I’ve used Dr. M ’s therapies on myself over the years and they do work, although I’m the only person who knows what issues I’ve managed to resolve with his help from so long ago.
The second Eureka moment occurred in the chemistry class. It was 1989 and I was anxious to finish. By that time I had a better job working in the public school system and as soon as I finished my degree, my salary would increase by $5,000 per year. The only thing not yet completed was one of the compulsory science courses. The only available compulsory science course on a Saturday morning was chemistry, but there was a prerequisite. Only those with an undergraduate degree in a science discipline could be admitted to this graduate course in chemistry. I registered anyway because there was nothing else available and nobody checked my qualifications. I knew that I had the option to drop out if chemistry turned out to be too difficult for me as I was sure it would be, but I thought that I would give it a try anyway.
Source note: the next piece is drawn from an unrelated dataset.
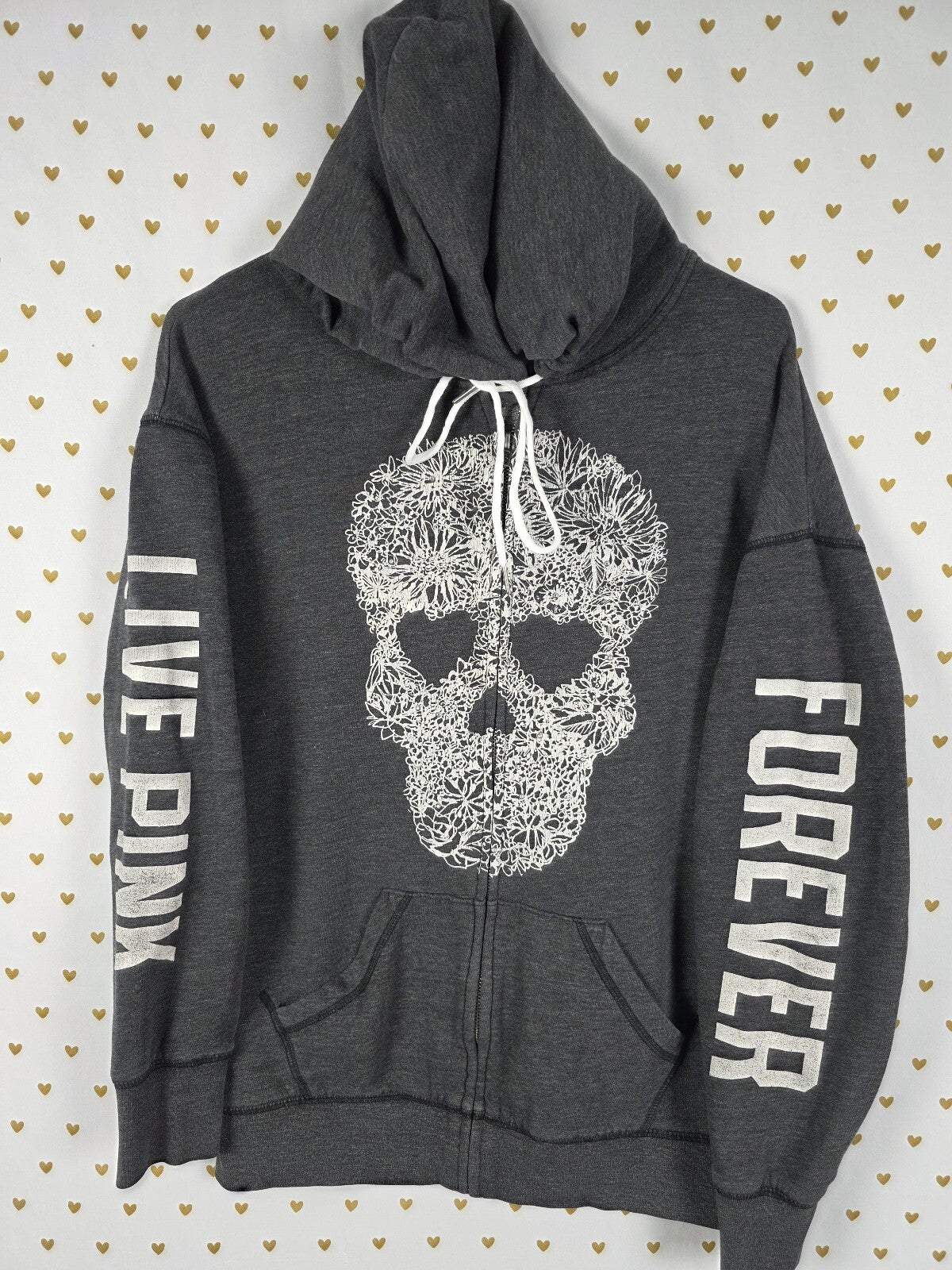 Victoria’s Secret PINK Floral Skull Rhinestone Full Zip Hoodie XS Live PINK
The whole experience was surreal. I hadn’t studied chemistry since high school and I never liked it. Chemistry at high school was sheer torture for me. Once more the professor at SUNY was an outstanding teacher. I liked him and I liked his teaching style. The professor was Indian but he had been educated in the United Kingdom. With a sigh of relief I realized I might be able to handle this, because the professor taught British style. He gave us homework every week and the requirements for passing this course were three one hundred question exams, plus an oral presentation together with a 20 page report due the last week of the course.
Sixty people signed up for chemistry and three months later there were only twenty of us left in the class. I managed to pass because the test questions were multiple choices and I could usually figure out which answer was the correct one. The professor liked my oral presentation because I made props. I drew large colorful diagrams for my presentation and at the end of the course he gave me an A. After receiving the results of the first written test, I had my eureka moment. I had managed to answer all one hundred questions correctly. Were these lucky guesses or was I really good at chemistry? I did study hard for those three months but even with study how many people get an A in graduate chemistry? This was proof to me that I had some kind of brain and it changed my attitude about myself forever.
Later when I decided to give up teaching, I saw an ad for a job.
Later when I decided to give up teaching, I saw an ad for a job.
“Wanted, a nutritionist with a background in biochemistry for a company that manufactures nutraceuticals.”
I applied and got the job because I was able to produce a transcript proving that I had received an A in chemistry, an A in botany and an A in biology. Who knew!